The primary target of this new tax is OMV Petrom (SNP), the biggest oil and gas group in Romania, 51% owned by the Austrian group OMV. The Romanian state also holds a 20% stake in the company. Gas producer Romgaz (SNG), which is controlled by the Romanian state, will also be impacted by the new tax.
Both companies are listed on the Bucharest Stock Exchange and their minority shareholders include foreign and local investment funds, pension funds and individual investors. The shares of OMV Petrom dropped by 8% in two days after the draft ordinance was first announced. Romgaz’s shares also declined by 6.1%. As a result, the Bucharest Stock Exchange’s flagship index - BET - lost 4.65% in just two days.
Govt. says most EU states impose similar “solidarity contributions”
The Government motivated the new tax through the need to address the “problem of high energy prices” according to a regulation approved by the EU Council on October 6, 2022.
“The main reason is, on the one hand, to protect vulnerable categories of the population against the effects of rising energy prices and, on the other hand, the main objective of the Romanian Government, including the one stipulated in the European regulation, is to ensure the financing of investments in strategic energy projects, especially those from renewable sources,” stated Mihai Diaconu, a state secretary in the Finance Ministry, after the Government meeting on December 28.
He pointed out to other EU states that adopted similar “solidarity contributions” targeting the “super-profits” reported by energy companies.
“The Netherlands, France, Germany, for example, have imposed a 33% share of these extra-profits or, let's call them, super-profits of the companies active in the field. Ireland, too, transposed the regulation and goes for a tax rate of 75%, Italy chose 50% of profits for the year 2023, the Czech Republic, a state comparable to Romania, we say, imposed a tax rate of 60%, Greece - 90%. Therefore, all of Europe demands this solidarity contribution and Romania must align itself, as a member of the European Union, with this regulation,” he explained.
Diaconu added that the companies targeted by this extra tax are “solid companies, with considerable profits”.
Officially, the Government said that over 70% of the money collected from this new tax will be used to finance strategic investments in energy efficiency and renewable energy.

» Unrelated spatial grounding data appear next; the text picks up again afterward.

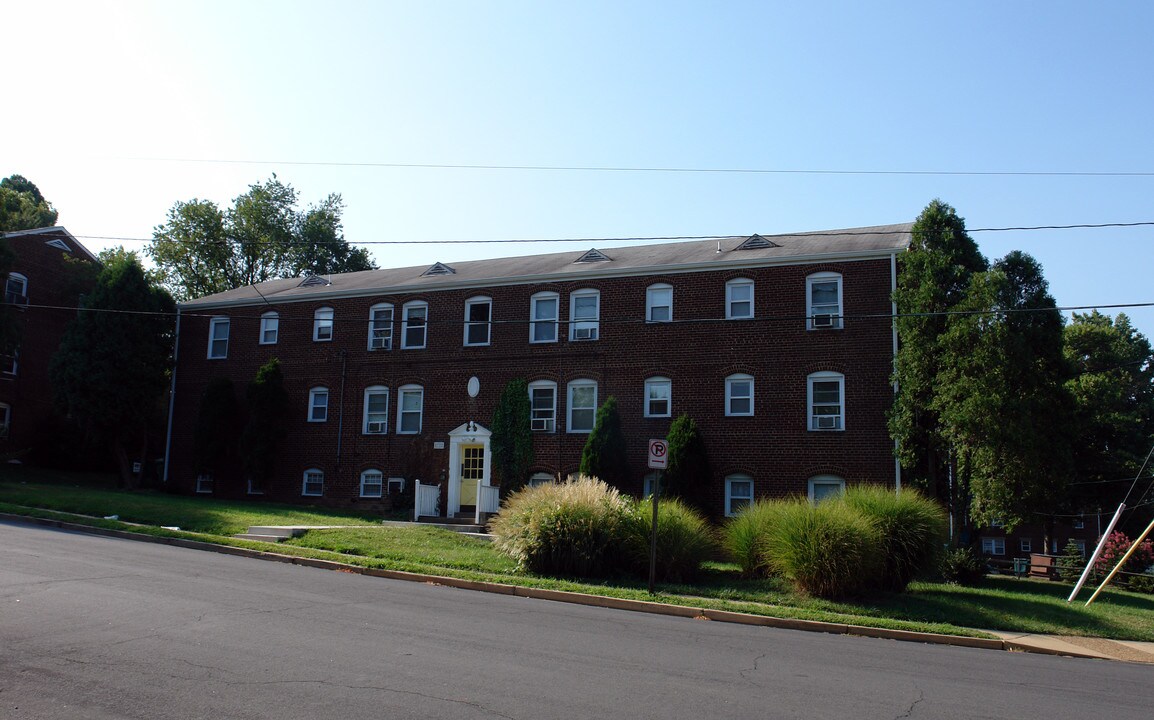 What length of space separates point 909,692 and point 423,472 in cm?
2234

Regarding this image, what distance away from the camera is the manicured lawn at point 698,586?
47.6 ft

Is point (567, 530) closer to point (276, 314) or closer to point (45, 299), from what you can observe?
point (276, 314)

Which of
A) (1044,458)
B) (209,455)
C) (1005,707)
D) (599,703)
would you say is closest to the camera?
(599,703)

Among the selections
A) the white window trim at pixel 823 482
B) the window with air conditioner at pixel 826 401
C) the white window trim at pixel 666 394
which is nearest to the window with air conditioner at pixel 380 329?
the white window trim at pixel 666 394

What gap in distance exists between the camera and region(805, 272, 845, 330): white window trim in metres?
25.1

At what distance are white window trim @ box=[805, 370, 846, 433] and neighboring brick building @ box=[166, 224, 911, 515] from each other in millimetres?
46

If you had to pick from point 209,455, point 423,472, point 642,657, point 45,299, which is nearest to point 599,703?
point 642,657

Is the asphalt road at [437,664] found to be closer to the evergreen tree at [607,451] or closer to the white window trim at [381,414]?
the evergreen tree at [607,451]

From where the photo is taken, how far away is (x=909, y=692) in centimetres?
858

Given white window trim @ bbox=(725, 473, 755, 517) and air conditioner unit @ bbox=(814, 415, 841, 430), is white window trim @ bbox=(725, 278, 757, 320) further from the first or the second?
white window trim @ bbox=(725, 473, 755, 517)

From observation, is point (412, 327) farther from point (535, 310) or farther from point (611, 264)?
point (611, 264)

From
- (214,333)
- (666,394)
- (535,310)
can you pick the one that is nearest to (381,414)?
(535,310)

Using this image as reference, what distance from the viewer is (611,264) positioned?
29.0 metres

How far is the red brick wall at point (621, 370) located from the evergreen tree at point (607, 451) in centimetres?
51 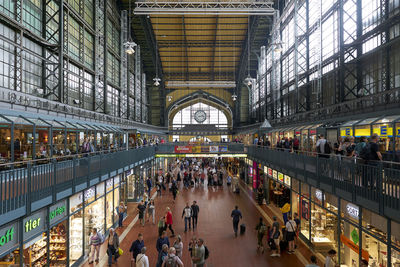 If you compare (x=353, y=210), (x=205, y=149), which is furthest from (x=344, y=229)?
(x=205, y=149)

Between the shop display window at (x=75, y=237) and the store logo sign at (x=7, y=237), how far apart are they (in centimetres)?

OMV Petrom heading to historic profits
OMV Petrom is heading to its highest net profit ever. The group posted a net profit of RON 9.156 billion (EUR 1.87 bln) in the first nine months of this year. Between 2018 and 2021, the group reported an average yearly net profit of RON 2.97 bln. This means that all the profit above RON 3.56 bln (120% of the average net profit of the last four years) will be taxed with 60%.
Based on the net profit for the first nine months of the year, OMV Petrom may have to pay RON 3.36 bln (EUR 685 mln) to the Romanian state under this “solidarity contribution”.
In Romgaz’s case, the average net profit in the last four years was RON 1.41 bln and the threshold above which the solidarity contribution will apply is RON 1.7 bln. In the first nine months, the company reported a net profit of RON 2.24 bln, which would lead to a contribution of some RON 327 mln (EUR 67 mln).
“Through the draft emergency ordinance, Romania has the most hostile approach to the oil and gas industry in the EU. It already has the highest level of additional taxation. Not taking into account the additional taxes already introduced comes in contradiction with the principles of the European regulation,” the FPPG said in a press release cited by ZF.